Questions and answers for marketplace: what to do first, what to avoid, where to go next and how to verify results.

Community

Questions and answers for community: what to do first, what to avoid, where to go next and how to verify results.

Troubleshooting

Questions and answers for troubleshooting: what to do first, what to avoid, where to go next and how to verify results.

Troubleshooting Wizard

Comparison Matrix

CategoryTypical focusQyvaria positioningBest proof
normal chatbotSingle category capabilityQyvaria combines wiki, OS surface, prompt forge, agents, trust, local AI, academy and receipts.Use case + receipt + demo
prompt librarySingle category capabilityQyvaria combines wiki, OS surface, prompt forge, agents, trust, local AI, academy and receipts.Use case + receipt + demo
agent frameworkSingle category capabilityQyvaria combines wiki, OS surface, prompt forge, agents, trust, local AI, academy and receipts.Use case + receipt + demo
local AI launcherSingle category capabilityQyvaria combines wiki, OS surface, prompt forge, agents, trust, local AI, academy and receipts.Use case + receipt + demo
developer IDESingle category capabilityQyvaria combines wiki, OS surface, prompt forge, agents, trust, local AI, academy and receipts.Use case + receipt + demo
documentation wikiSingle category capabilityQyvaria combines wiki, OS surface, prompt forge, agents, trust, local AI, academy and receipts.Use case + receipt + demo
automation platformSingle category capabilityQyvaria combines wiki, OS surface, prompt forge, agents, trust, local AI, academy and receipts.Use case + receipt + demo
AI learning platformSingle category capabilityQyvaria combines wiki, OS surface, prompt forge, agents, trust, local AI, academy and receipts.Use case + receipt + demo
Public Launch

Investor Room, Press Kit, Founder Story, Experiments, Knowledge Graph, Search 2.0 and Book Mode

Investor / Partner Room

Pitch summary, market problem, product vision, differentiators, IP strategy, roadmap, demo links, partnership options and contact template.

Press Kit

One-line description, short description, long description, founder bio, screenshot guidance, logo rules, product images, FAQ and launch announcement template.

Founder Story

Why Qyvaria was created, what problem it solves, builder philosophy, personal mission, future vision and invitation to contributors.

Hall of Experiments

Question, hypothesis, setup, prompt, result, failure, lesson, next test and receipt for every experiment.

Knowledge Graph

Visual map of Kernel, OS, Agents, Prompt Forge, Memory, Trust, Patents, SDK, Marketplace, Academy, Community and Roadmap.

Search 2.0

Additional filters for beginner, developer, inventor, prompt, agent, privacy, patent, local AI, marketplace, academy, status and verified.

Qyvaria Infinity Codex

Printable encyclopedia mode

Includes title page, chapter index, glossary, appendix, offline reading mode and page-break friendly sections.

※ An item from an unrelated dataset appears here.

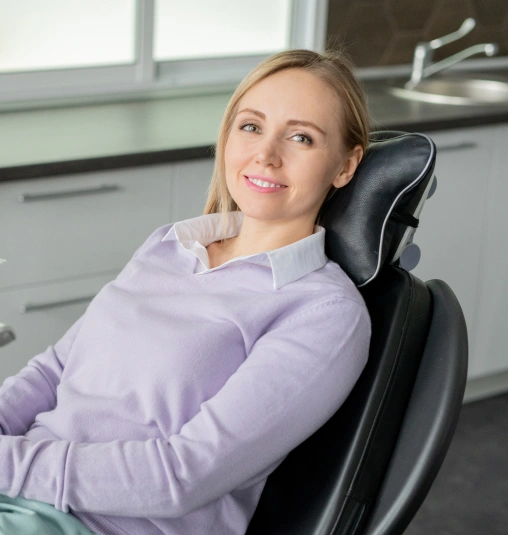 Woman in light purple shirt sitting in dental chair in modern office setting, smiling at camera.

Knowledge nodeRelated roomsWhy it matters
KernelInfinity Codex, Living OS, First ContactConnects navigation, user journeys, receipts and future product pages.
OSInfinity Codex, Living OS, First ContactConnects navigation, user journeys, receipts and future product pages.
AgentsInfinity Codex, Living OS, First ContactConnects navigation, user journeys, receipts and future product pages.
Prompt ForgeInfinity Codex, Living OS, First ContactConnects navigation, user journeys, receipts and future product pages.
MemoryInfinity Codex, Living OS, First ContactConnects navigation, user journeys, receipts and future product pages.
TrustInfinity Codex, Living OS, First ContactConnects navigation, user journeys, receipts and future product pages.
PatentsInfinity Codex, Living OS, First ContactConnects navigation, user journeys, receipts and future product pages.
SDKInfinity Codex, Living OS, First ContactConnects navigation, user journeys, receipts and future product pages.
MarketplaceInfinity Codex, Living OS, First ContactConnects navigation, user journeys, receipts and future product pages.
AcademyInfinity Codex, Living OS, First ContactConnects navigation, user journeys, receipts and future product pages.
CommunityInfinity Codex, Living OS, First ContactConnects navigation, user journeys, receipts and future product pages.
RoadmapInfinity Codex, Living OS, First ContactConnects navigation, user journeys, receipts and future product pages.